In real life, Clarence Darrow asked the jury to find John Thomas Scopes guilty so that he could appeal to the Tennessee Supreme Court where he could put an even bigger dent on the law. The guilty ruling was overturned but on a technicality, which wasn't Darrow's hope.
There are several references to "chautauqua meetings" and "chautauqua tents" throughout the film. "Chautauqua" was an education movement for adults in the U.S. The movement was highly popular at the end of the 19th and in the early 20th centuries. Chautauqua meetings spread throughout rural America until the mid-1920s. William Jennings Bryan (represented in the film by "Matthew Brady") was a popular speaker at chautauquas.
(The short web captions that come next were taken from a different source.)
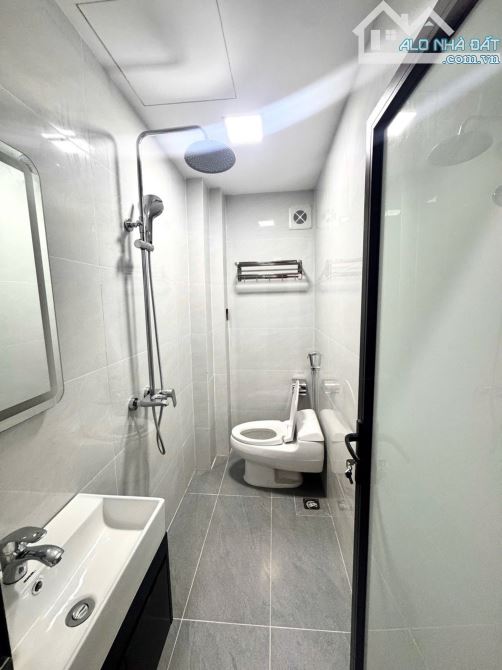 BÁN GẤP NHÀ PHỐ NGUYỄN CÔNG HOAN - BA ĐÌNH - HÀ NỘI - 3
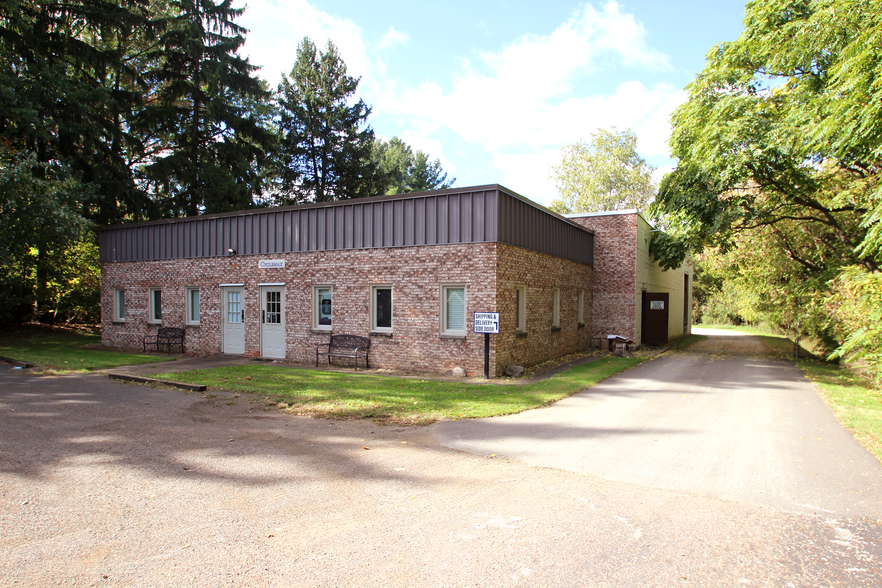 1022 Marks Rd, Valley City, OH à vendre - Photo principale - Image 1 de 10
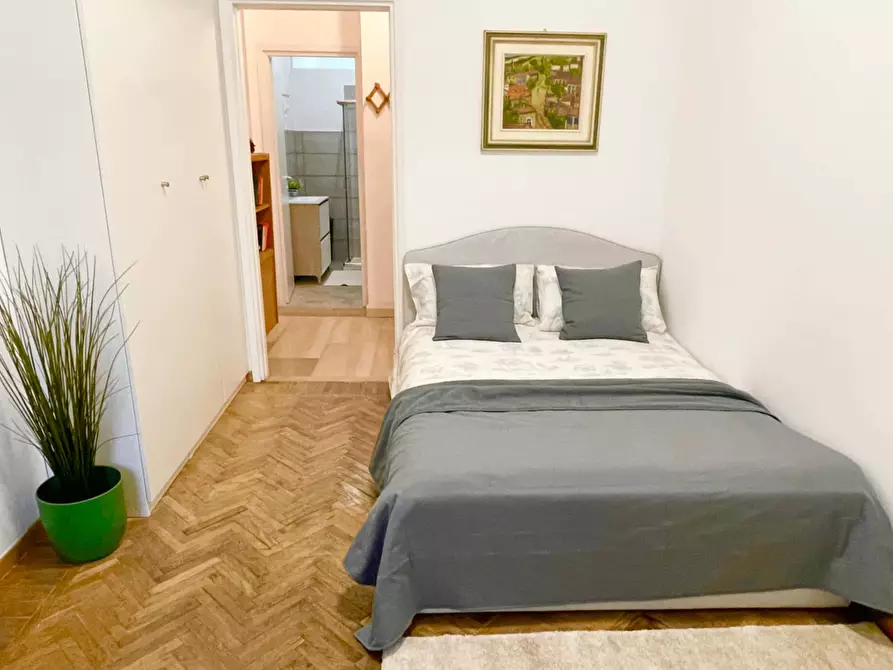 Immagine 1 di Camera in affitto  in Viale Coni Zugna43 a Milano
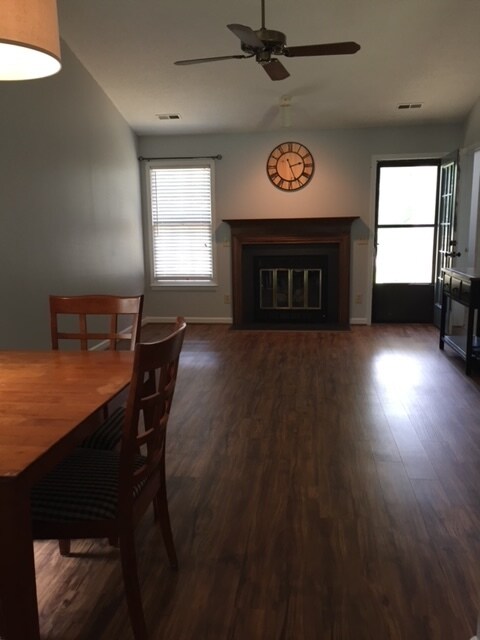 Building Photo - 4405 Roller Ct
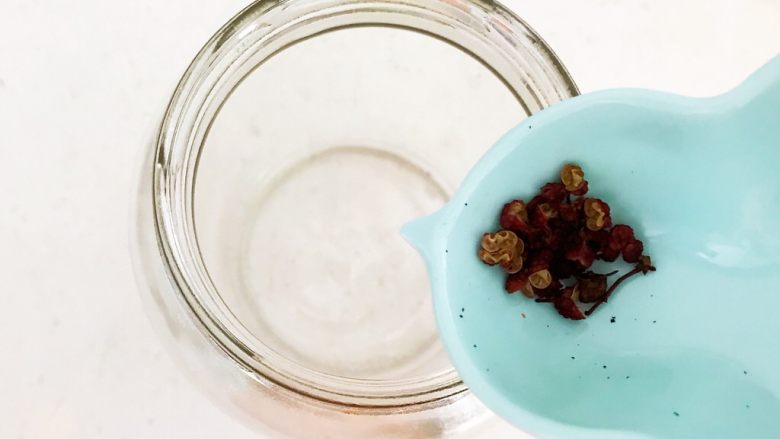 开胃小菜 俄式乳瓜,把花椒粒倒入瓶中
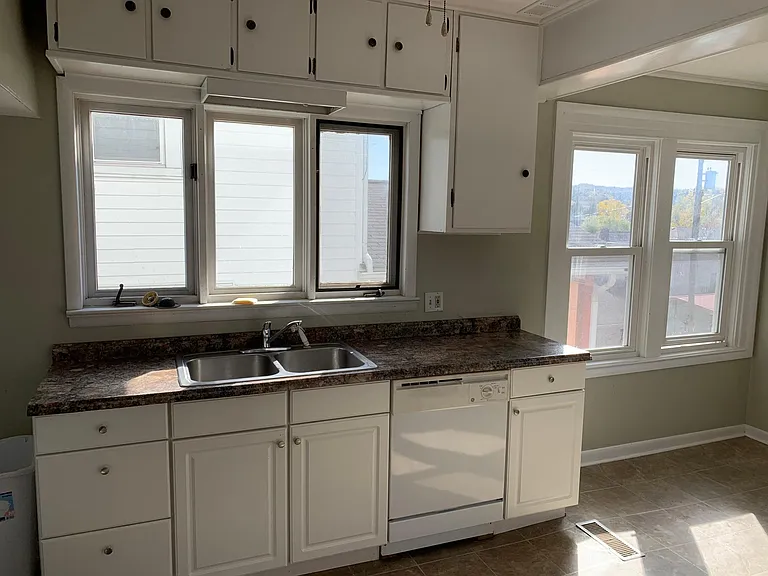 Kitchen sink & cabinets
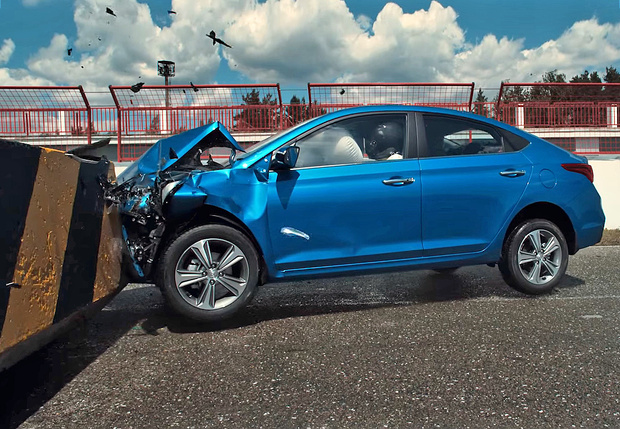 Фото №1 - Краш-тест: в новый Hyundai Solaris вместо манекена сел живой человек!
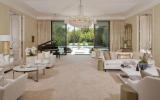 Adam Levine Buys LA Mansion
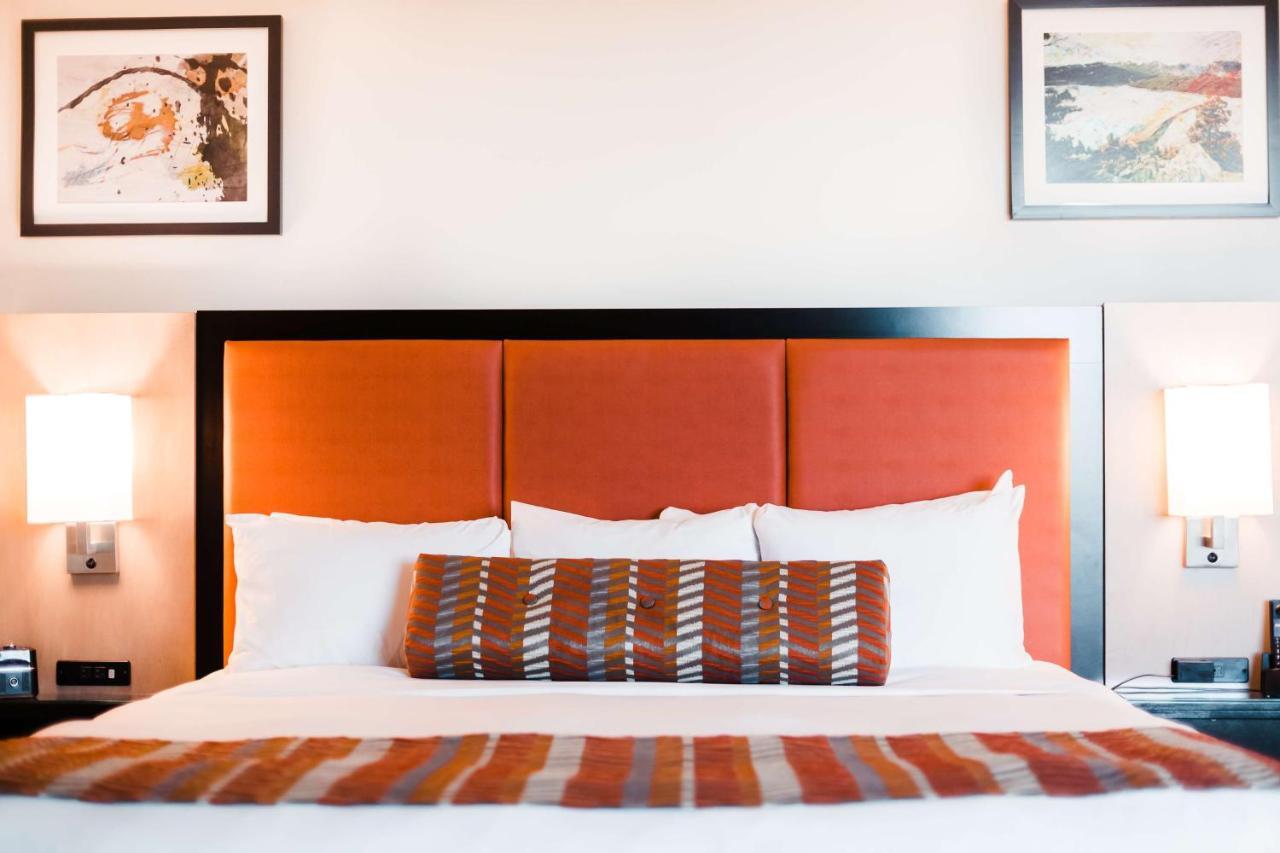 Radisson Hotel Denver-Аврора Экстерьер фото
Chautauqua meetings or assemblies brought a variety of entertainment and culture for the whole community, with a range of speakers, musicians, etc.
The actual Scopes Monkey Trial testimony was quite dull, until Clarence Darrow (Drummond) called William Jennings Bryan (Brady) as a defense witness. Firing questions about the earth's origins and Adam and Eve, Darrow quickly forced Bryan into raging contradictions, proving his point that the Bible, in light of scientific knowledge, cannot be interpreted literally.
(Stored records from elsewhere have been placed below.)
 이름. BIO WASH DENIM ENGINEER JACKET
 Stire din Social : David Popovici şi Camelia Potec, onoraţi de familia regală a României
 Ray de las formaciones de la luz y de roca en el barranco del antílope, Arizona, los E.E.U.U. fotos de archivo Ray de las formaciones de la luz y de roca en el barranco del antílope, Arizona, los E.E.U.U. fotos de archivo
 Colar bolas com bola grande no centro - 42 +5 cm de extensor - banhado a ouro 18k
The buzz about Fredric March's and Spencer Tracy's performances spread around the studio lot and Hollywood to the point that a lot of extras made their way to the set just to see the action. In one instance, the extras were applauding so much at one of March's dramatic speeches that they ruined the take by not waiting until the end.
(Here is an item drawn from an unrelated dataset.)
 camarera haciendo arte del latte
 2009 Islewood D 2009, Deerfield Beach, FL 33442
When Drummond's attempt to call scientific experts to the stand to testify in behalf of the defense is thwarted, Stanley Kramer adds a couple of elements from the actual John Thomas Scopes Trial, combining the fiery closing of Clarence Darrow's speech on the motion to quash the indictment with the change in which Judge Raulston cited Darrow for contempt.
Writers Jerome Lawrence and Robert E. Lee named the overzealous prosecutor "Matthew Brady". When Roscoe 'Fatty' Arbuckle was tried for manslaughter three times in 1921 and 1922, the real overzealous prosecuting San Francisco District Attorney was named Matthew Brady. Matthew Brady was also the name of several real life historical figures including an English "Gentleman Bandit" who robbed several farms but refused to harm women in Tasmania in the 1820s. But the name Mathew Brady (with only one t) is most famously connected with the famous portrait and landscape photographer of the mid-1800s, best known for immortalizing American Civil War casualties.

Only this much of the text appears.